Education Retour à la semaine de quatre jours : déjà des réactions politiques

La décision de repasser à la semaine de quatre jours à Lyon fait l’objet de nombreuses réactions.   Photo d’illustration Joël PHILIPPON
La décision de repasser à la semaine de quatre jours à Lyon fait l’objet de nombreuses réactions. Photo d’illustration Joël PHILIPPON

La majorité des conseils d’écoles publiques a choisi la semaine de quatre jours de classe pour la rentrée prochaine. Un choix acté par la Ville.

UDI : « Aller au bout de la concertation »

Selon l’UDI, « Il faut aller au bout de la concertation en tenant compte des propositions des parents ». Denis Broliquier (UDI) estime, ainsi, « qu’un retour à 14 h 15 n’est pas adapté au rythme des maternelles ». L’élu propose un « retour dès 13 h 30 de tous les enfants ne déjeunant pas à la cantine ». Le maire du 2e  arrondissement porte aussi le souhait exprimé par les parents que la sortie des enfants qui restent à la garderie ou à l’étude intervienne à 17 h 45.

« Cette mesure permettra de préserver à minima 45 minutes d’étude nécessaire à l’égalité des chances particulièrement pour les enfants les plus en difficulté », ajoute l’élu qui réclame, in fine, que « les tarifs qui seront appliqués aux différents temps », soit définis. 

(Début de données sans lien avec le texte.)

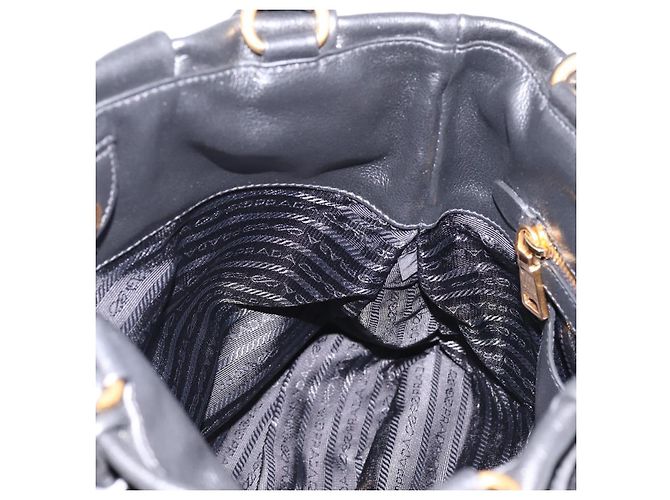 Borsa Tote PRADA in pelle di vitello Nero Oro Auth am12245SAM D'oro - vista 17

« Un manque de vision de l’Éducation » pour les Verts

Les Verts indiquent « regretter le manque de vision de la mairie. La loi sur les rythmes scolaires visait à privilégier les matinées pour l’apprentissage et à limiter la durée des journées scolaires. Les rythmes qui se dessinent pour la rentrée 2018 en primaire et maternelle prennent le chemin inverse », estime Grégory Doucet, secrétaire d’EELV Lyon.

« La décision du ministre de l’Éducation de laisser les municipalités revenir aux quatre jours était déjà l’aveu d’un manque de vision pour l’éducation », considère-t-il.

« Un choix par résignation ou dépit », dans le 6e

Du côté des élus du 6e  arrondissement , Jean-Michel Duvernois, adjoint aux Affaires scolaires et Dominique Nachury, conseillère municipale (LR ), on rappelle que onze écoles sur les quatorze de l’arrondissement ont opté pour la semaine de quatre jours.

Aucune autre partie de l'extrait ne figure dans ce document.